This week’s spotlight is on demography – a prolonged crisis that politicians seek to address by allocating more funds to various family support programs. “More money for demography” has also been one of the government’s arguments when justifying the need for budget cuts. But will larger budget allocations actually increase the birth rate? BNN asked political scientist and co-owner of the communications firm Mediju tilts, Filips Rajevskis.
“It’s important to understand that there is not a single European country where demographic issues have been solved with money. There is no European country where demographic problems have been resolved without migration. It’s hypocrisy to claim that now we will solve the demographic problem with financial support,” Rajevskis said.
It has been suggested that Latvia’s biggest security threat is the collapse in birth rates – raising the question of whether resources for solving demographic issues should come from the defense budget. “It’s wrong to mix defense with demography,” Rajevskis argued, pointing out that defense is defense. “But since that’s 5% of GDP, of course, everyone wants access to that money.”
Answering BNN’s question on whether more kindergartens, housing programs for families, lower taxes, higher family benefits, and other support measures could boost the birth rate, Rajevskis remained skeptical, pointing to Estonia’s example.
“Family allowances there are higher, Estonians are more generous, but nothing has really been solved.
Historically, we always say – look at the Estonians, they’re doing great – but in tackling demography, they haven’t gone further than us. In the modern world, no country has provided an answer to this question.”
Both President Edgars Rinkēvičs and Prime Minister Evika Siliņa have acknowledged demography as one of the country’s top priorities, but there is still no clarity on where the money will come from. On the one hand, austerity measures are being considered to find the necessary millions. On the other, the Prime Minister has already partially backtracked by saying that the government never committed to cutting €800 million in spending – that was an expectation raised by businesses.

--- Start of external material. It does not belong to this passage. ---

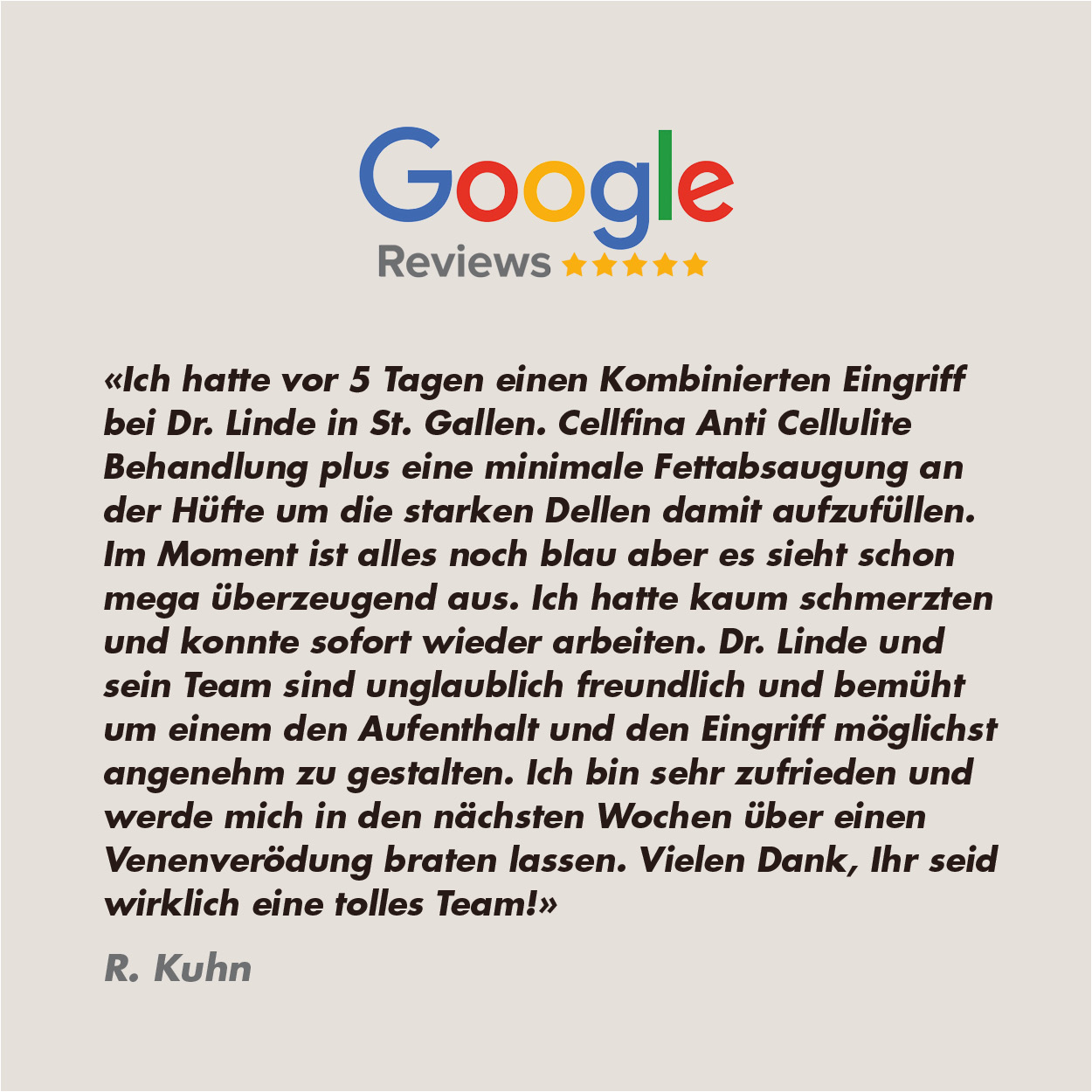 Google Bewertung LIPOCLINIC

How should all of this be understood? Rajevskis explains that this is simply the budget-making process, with all the usual debates about reallocations and shifting money from one “pocket” to another. “Calling it an austerity regime would be very premature. This is not austerity – it’s the budget process, where money gets shuffled around in Excel sheets. No one is planning to actually save, because we only cut spending when there is a major crisis. We are incapable of saving when there isn’t one. And since there isn’t one now, we are simply moving toward trouble,” Rajevskis concluded.